**WHAT IS REQUIRED:** In the records below, find the line with "Building Photo - 2372 Meadowwood Dr" and repeat exactly every line from it through the line with "Seine erste em". Pictures stay out.

DATA TO PROCESS below:

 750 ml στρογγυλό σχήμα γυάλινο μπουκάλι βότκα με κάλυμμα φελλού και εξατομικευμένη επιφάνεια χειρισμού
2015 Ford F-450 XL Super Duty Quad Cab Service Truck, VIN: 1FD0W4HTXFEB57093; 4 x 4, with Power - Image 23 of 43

End of DATA TO PROCESS.
DATA TO PROCESS below:

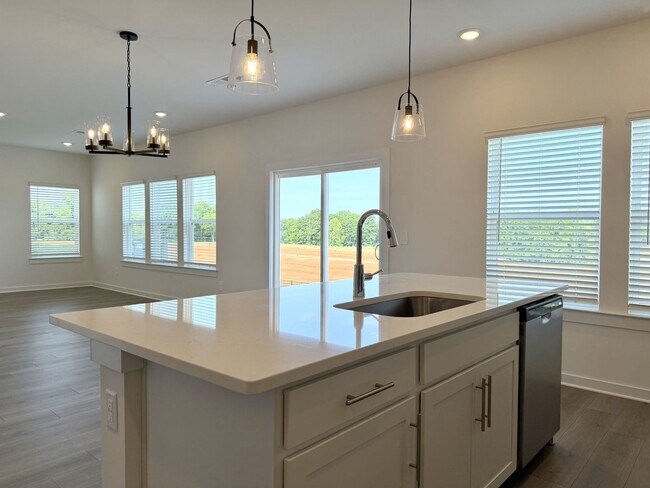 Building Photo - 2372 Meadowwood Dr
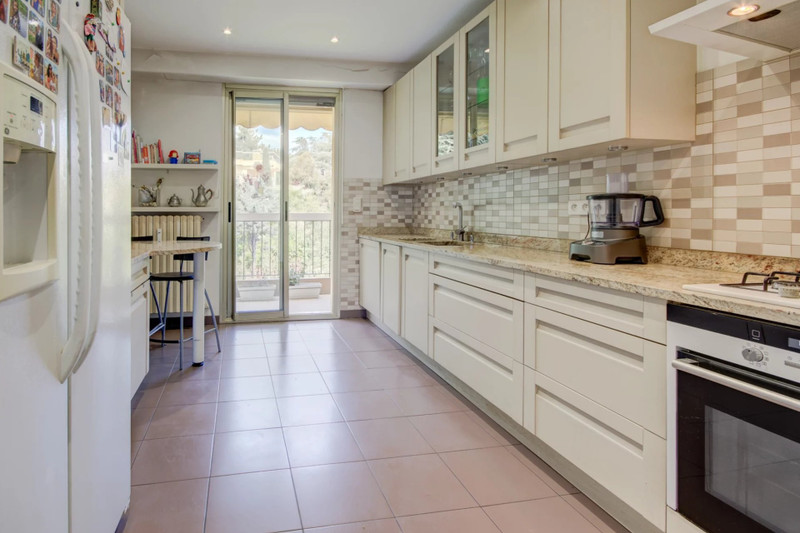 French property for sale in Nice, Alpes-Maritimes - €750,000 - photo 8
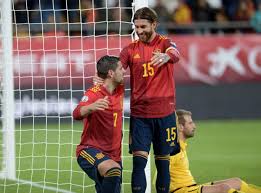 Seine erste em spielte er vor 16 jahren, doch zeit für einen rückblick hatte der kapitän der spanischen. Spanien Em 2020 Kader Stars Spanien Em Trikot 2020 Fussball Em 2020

End of DATA TO PROCESS.

**RESPONSE TO THIS EXERCISE:**
 Building Photo - 2372 Meadowwood Dr
 French property for sale in Nice, Alpes-Maritimes - €750,000 - photo 8
 Seine erste em spielte er vor 16 jahren, doch zeit für einen rückblick hatte der kapitän der spanischen. Spanien Em 2020 Kader Stars Spanien Em Trikot 2020 Fussball Em 2020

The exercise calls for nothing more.